Traditional circuit-based networks use time-division multiplexing (TDM), in which users are assigned a predetermined time slot; no other device can transmit during this time slot. If a station has a lot of data to send, it can only transmit during its time slot, even if the other time slots are empty. Conversely, if the station has nothing to transmit, the time slot is sent empty and is wasted. This arrangement is called synchronous transmission.
ATM is asynchronous, meaning time slots are available on demand. This allows for a more efficient use of available bandwidth. ATM uses single-sized cells (as opposed to variable-sized frames in Frame Relay), which are 53 bytes in size. A size of 53 bytes is for anything involving computers (which usually define things in powers of 2 or 8). The cell size represents a compromise between the phone-standards folks and the data-standards folks.
ATM networks have two devices: ATM switches and ATM endpoints. ATM switches accept cells from an endpoint or another switch, evaluate the cell header, and quickly forward the cell out another interface toward the destination. An ATM endpoint contains an ATM network interface adapter and is responsible for converting digital data into cells and back again. Examples of ATM endpoints include workstations, LAN switches, routers, and video coder-decoders (codecs).
ATM networks can mark traffic, after it is converted from its original data format, to require different types of handling. Some traffic, such as voice and video, must be transferred through the network in regular intervals with little variation of delay. Otherwise, the destination receives low-quality voice or video transmission. Data traffic is less sensitive to network delays and can be handled differently.
To ensure the appropriate delivery for each of these traffic types, ATM devices employ quality of service (QoS) mechanisms that involve the reservation of bandwidth, the shaping of traffic to meet the reserved bandwidth, and the policing of traffic that exceeds the reservation.
WAN Devices
Numerous types of devices are associated with WAN service delivery.
The first is a WAN switch. Usually located in a carrier’s network, a WAN switch is a multiport internetworking device whose job is moving traffic from the source to destination. Routers at the customer sites attach to the edges of the carrier’s switched network.

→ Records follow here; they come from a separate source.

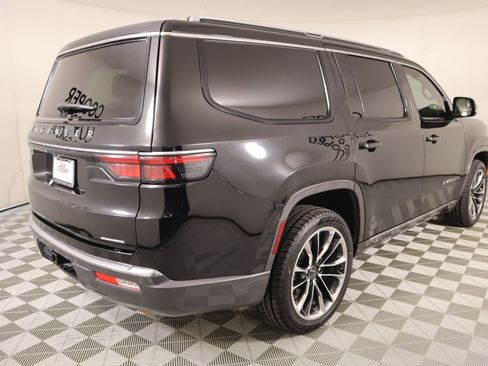 Used 2022 Jeep Wagoneer Series III w/ Premium Group I image 24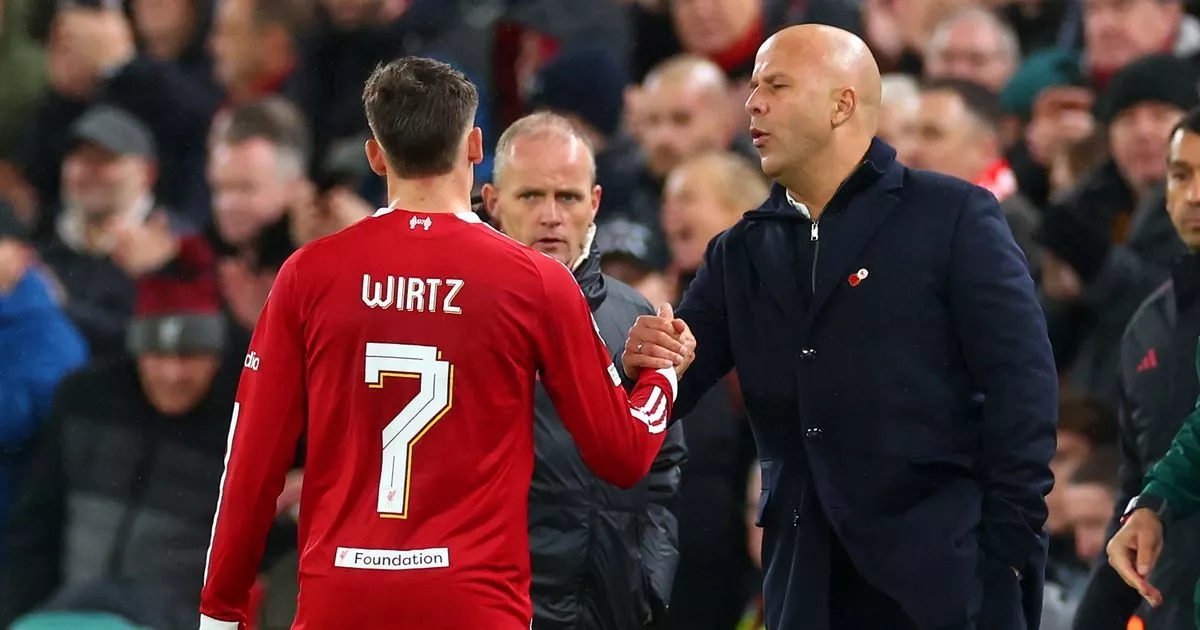 Florian Wirtz Arne Slot 04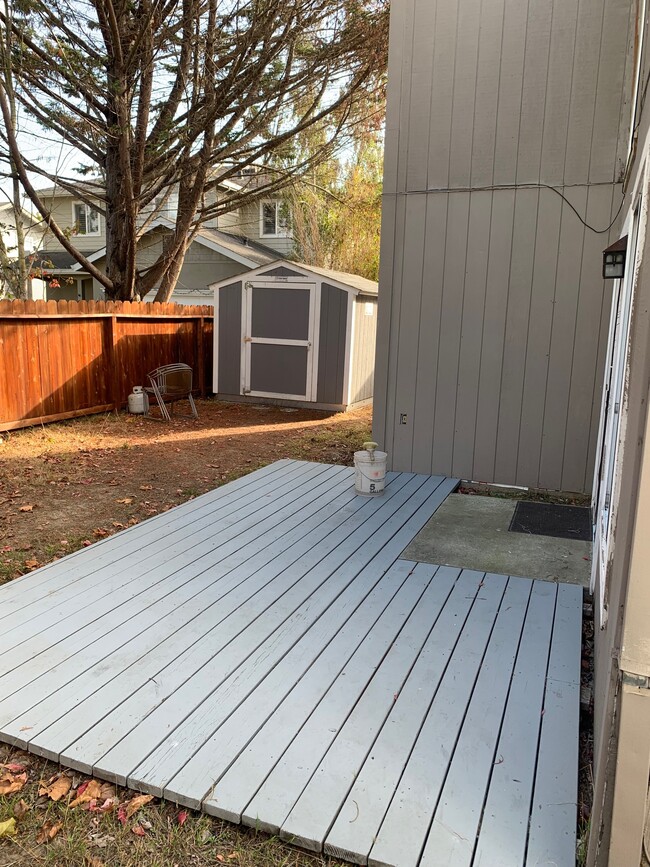 Deck cleans easy, Deck were Rebuild and Painted - 1638 Schooner Ct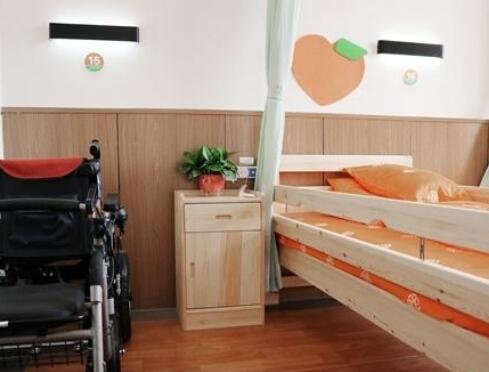 湘潭市普亲高岭老年养护中心_湘潭比较好的老年护理院,湘潭老年公寓有哪些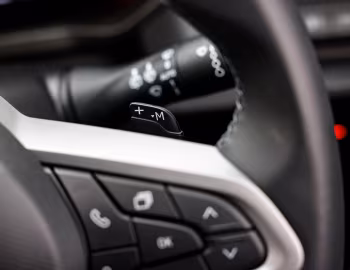 Interior Renault Duster [Australia] '2025–pr.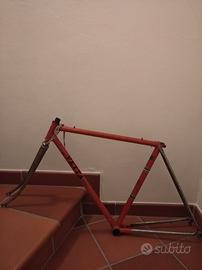 Telaio bici corsa VETTA + 2 cerchi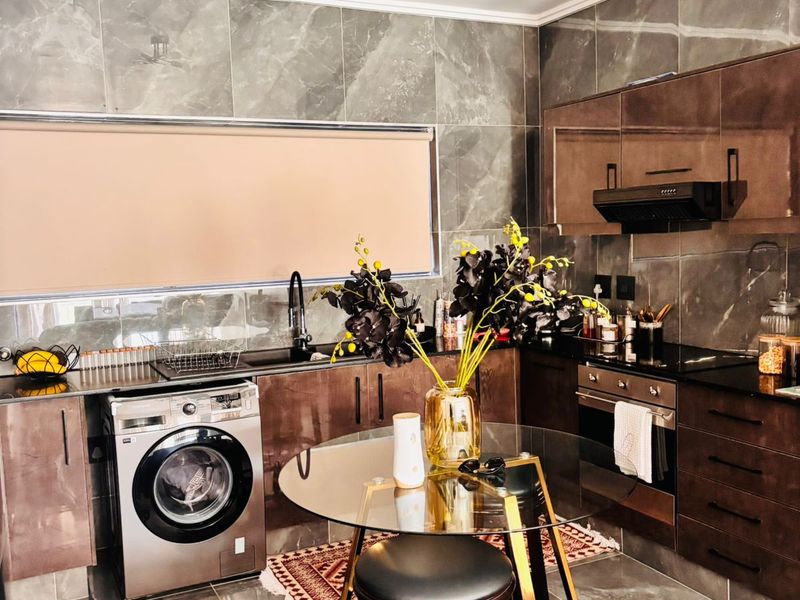 Modern 2-Bedroom Apartment in Family-Friendly Palm Lakes Estate - Photo 4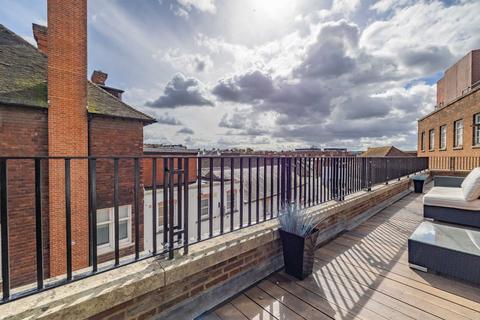 2 bedroom penthouse for sale, Stour Street, Canterbury, Kent, CT1
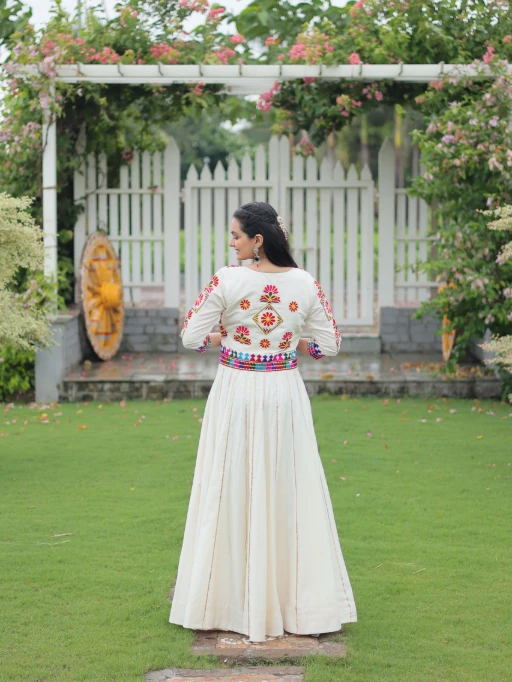 Buy Fancy Katchi Navratri Chaniya Choli With Jacket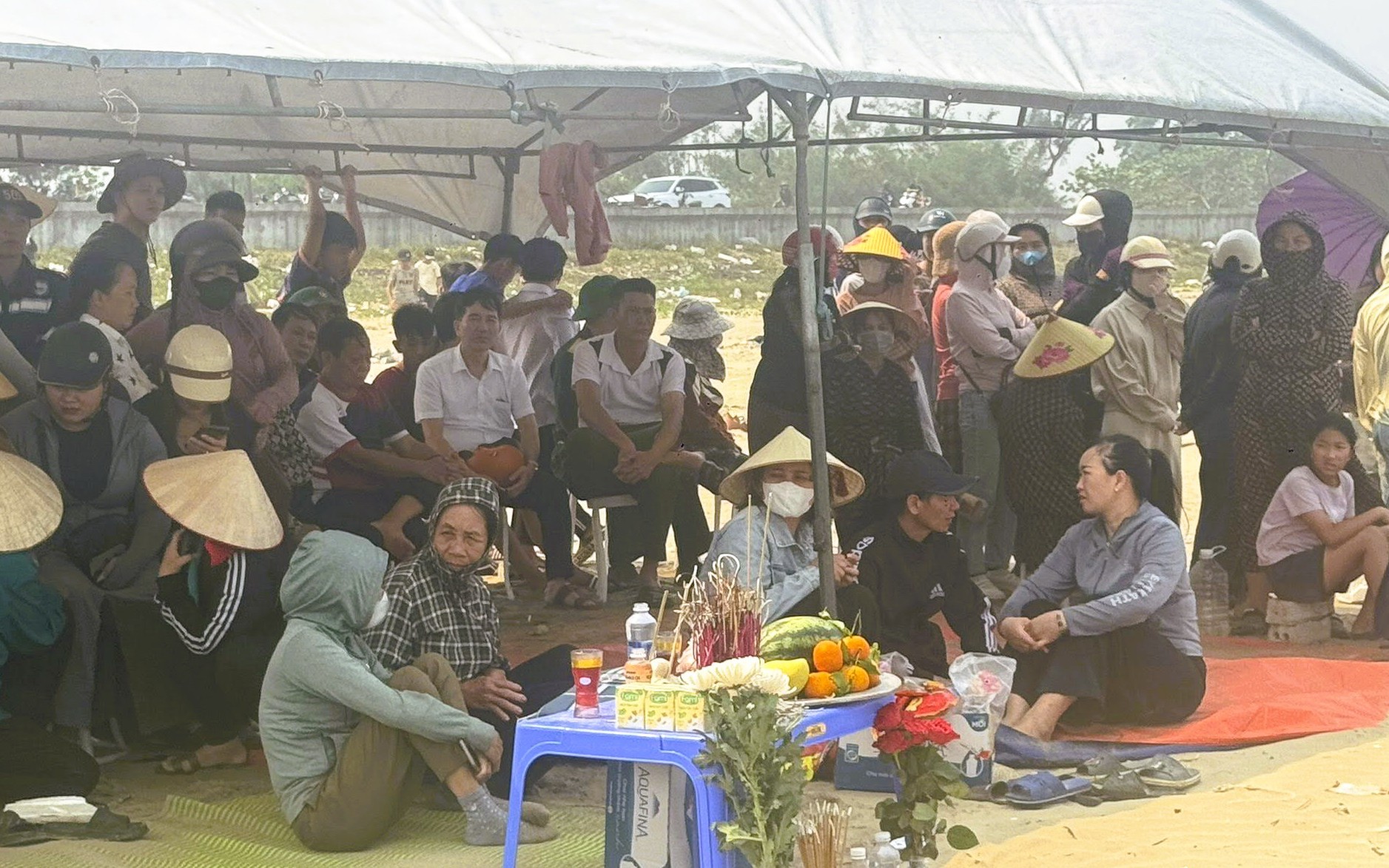 Tìm thấy thi thể 2 nam sinh 12 tuổi mất tích khi đi tắm biển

Examples of switched traffic include Frame Relay and ATM. WAN switches operate at Layer 2, the data link layer, in the OSI model.
A modem is a device that converts between digital and analog signals, enabling data to be transmitted across phone lines. At the source, a modem converts computer data from digital to analog and transmits the signal across a phone line. At the other end, a modem receives the analog signal, converts it back to digital, and forwards the information onto a computer. The word "modem" is a contraction of the terms that describe this conversion: MOdulation and DEModulation.
An access server is a device that acts as a concentration point for dial-in and dial-out services. An example of an access server is dialing into an Internet service provider from home: a computer at home dials through a modem across a phone line. The modem at the service provider answers the call and establishes a network connection across the phone line. Multiple modems are connected to the access server.
A channel service unit/digital service unit (CSU/DSU) is similar to a modem in that it adapts the physical interface on a DTE device, such as a router, to the interface of a data circuit-terminating device (DCE), such as a carrier switch. The CSU/DSU provides signal timing between the DTE and DCE.